New Stand, Letlhakaneng, North West Province. South Africa.
20. April 2013.
A couple of weeks ago I was wandering around in a part of Letlhakaneng called New Stand. Most of the residents there live without electricity, in corrugated iron houses with concrete floors or industrial carpet laid over bare earth. A small crowd had gathered one such house on the edge of the bush. They had a tent set up, but there was no music: a funeral. I had intended to call on a friend at another house, but the people inside called me, offering me a chair and a plate of food. I did not know the name of the person who called me or the name of the family, but to refuse would have been rude, and so I entered.
We had been sitting together for a while, eating and chatting quietly, when the hearse arrived. A young man – perhaps the uncle or brother of the deceased child – bore the coffin, no bigger than a briefcase. The family followed the coffin into the small two-roomed house, the young mother wailing and crying. I stood outside, a bit relieved there was no more room inside. I felt awkward to be intruding on what was obviously a small family affair.
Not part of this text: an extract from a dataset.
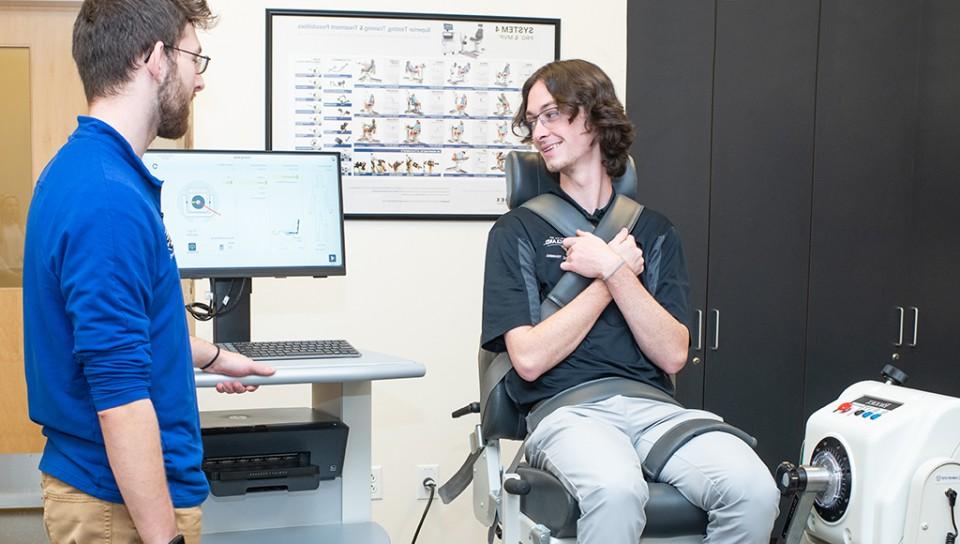 一名参加运动训练的学生坐在一台测试腿部力量的机器上，而另一名学生则在电脑显示器上查看结果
After a few songs, the ceremony was over. People filed out of the house and milled quietly about the yard. “Thabo,” the woman who called me inside said, “We’re finished. We go home now.”
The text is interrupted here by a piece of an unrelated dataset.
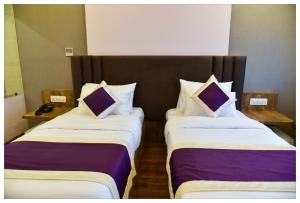 Postel nebo postele na pokoji v ubytování Hotel Siddharsh Heritage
I exited the yard, feeling a little sick and as unsure about role as I did when I entered. The day had grown too late for me to call on my friend. I started for home. Along the way, I passed another gathering. They, too, called me inside. The general feeling at this gathering, however, was more lighthearted: they were preparing for a child’s birthday party the following day. One group of women kneading dough and forming it into the delightful scones that are always served at such celebrations, while another group arranged the balls of dough on a metal tray, two meters by one, to go into the oven.
The oven was a homemade affair: a rectangle of cement bricks laid out on the ground, covered with a piece of corrugated iron. The women would rake coals from the fire into the bricks, lay the tray of scones directly atop the coals, and rake more coals on the corrugated iron lid. After twenty minutes or so, the scones would be ready to come out.
I passed the next hour drinking beer and warming my hands around the fire with the madalas. The gogos scolded me for drinking beer; I laughed and told them was Stoney.* The tut-tutted and gave me more scones, right out of the fire. I left with a pocket full of those scones, warm against the chill of an autumn evening.
*Madala is a Zulu word meaning “grandfather,” but is also a term of respect for older men; likewise gogo is a Zulu word meaning “grandmother,” but is used to address any elderly woman. Stoney is a type of ginger-flavored soft drink.